[Work instruction] Please reproduce all of the listing below exactly and drop its images.

[Dataset section]
*****

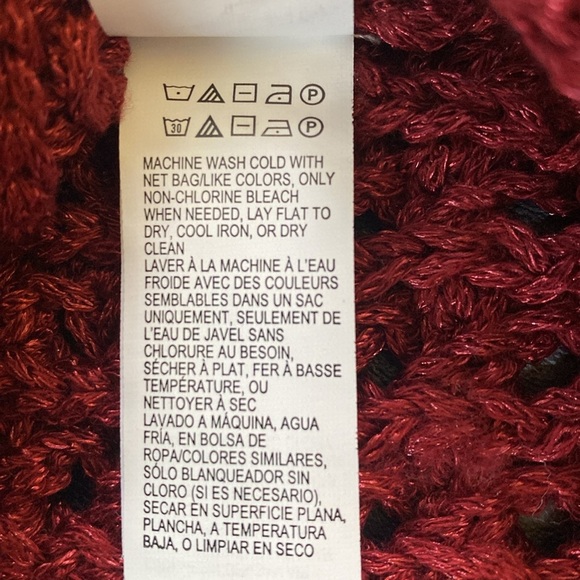 Lucky Brand Marissa Open Knit Sweater Metallic Red Size Small.  Crochet. - Picture 10 of 12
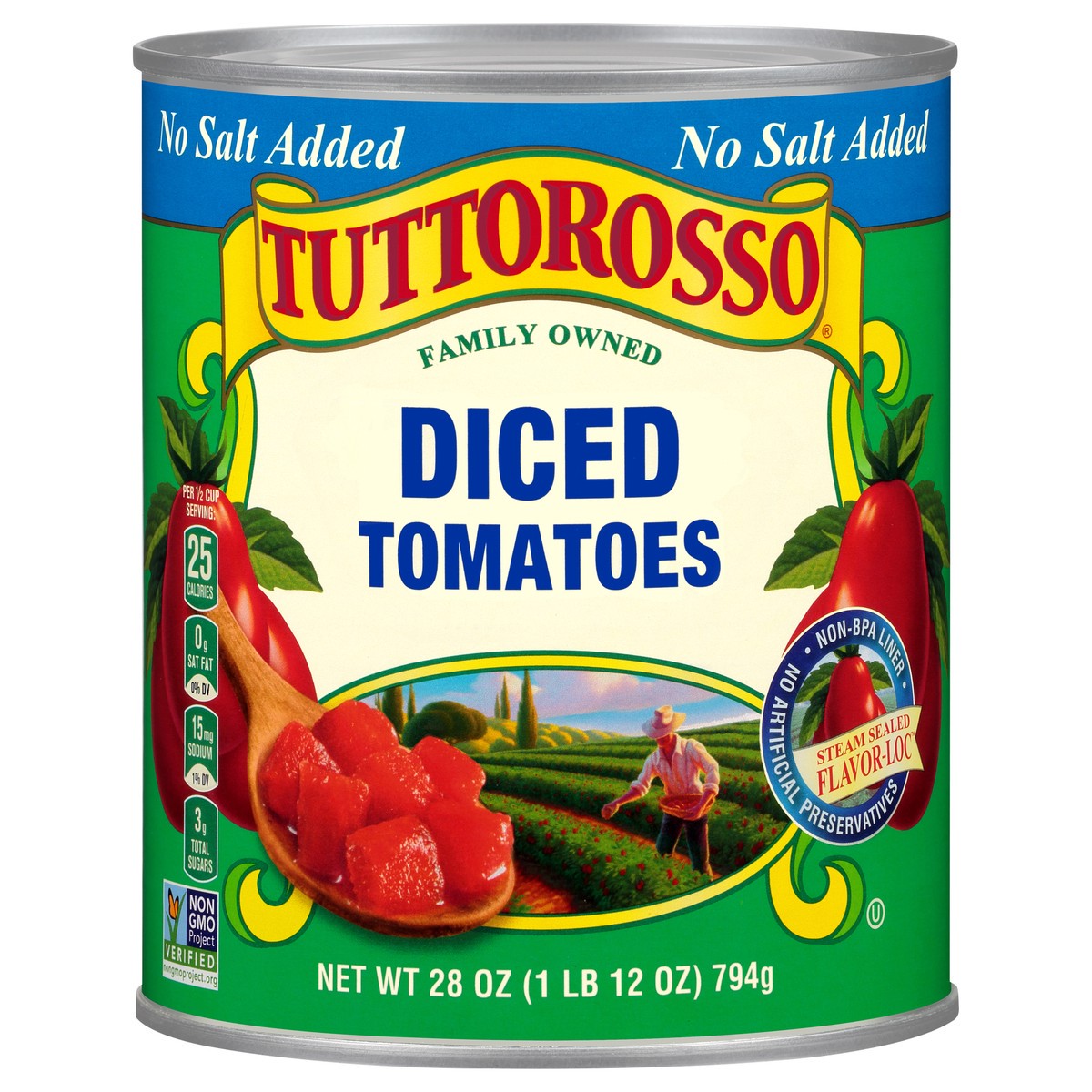 slide 7 of 12, Tuttorosso No Salt Added Diced Tomatoes, 28 oz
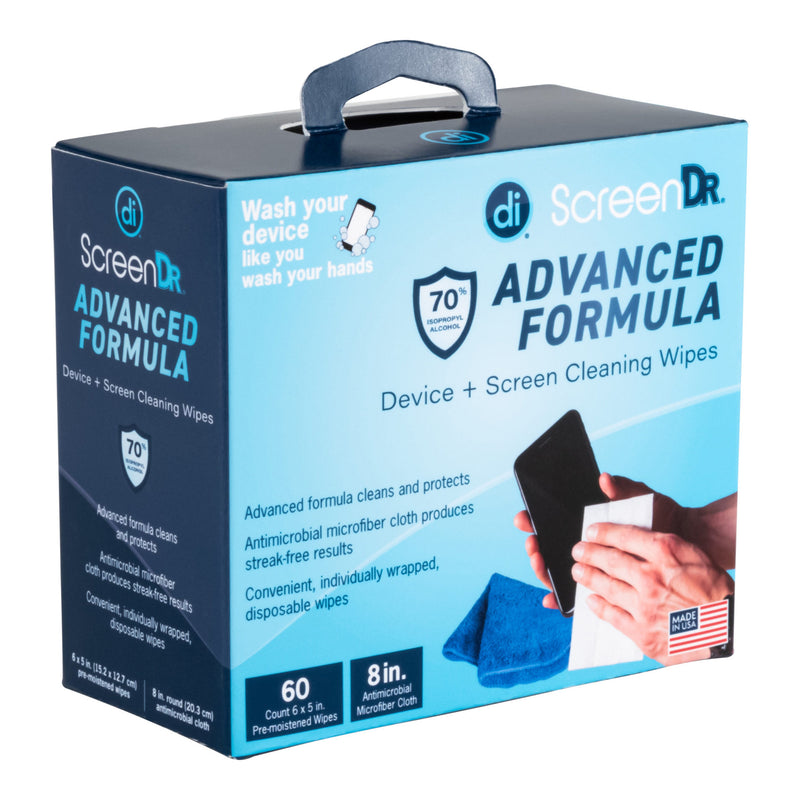 Angled studio photo of the front of a 60 count box of ScreenDr Advanced Formula Screen Cleaning wipes.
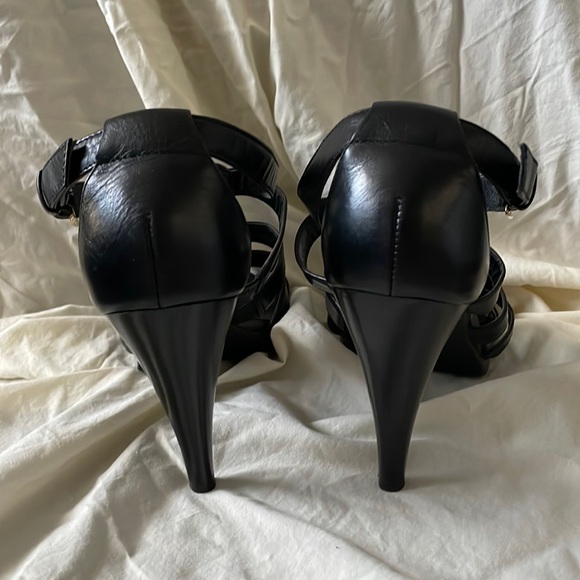 FRANCO FORTINI BLACK LEATHER HEELED SANDALS SIZE 8 - Picture 5 of 10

*****

[Problem solution]
 Lucky Brand Marissa Open Knit Sweater Metallic Red Size Small.  Crochet. - Picture 10 of 12
 slide 7 of 12, Tuttorosso No Salt Added Diced Tomatoes, 28 oz
 Angled studio photo of the front of a 60 count box of ScreenDr Advanced Formula Screen Cleaning wipes.
 FRANCO FORTINI BLACK LEATHER HEELED SANDALS SIZE 8 - Picture 5 of 10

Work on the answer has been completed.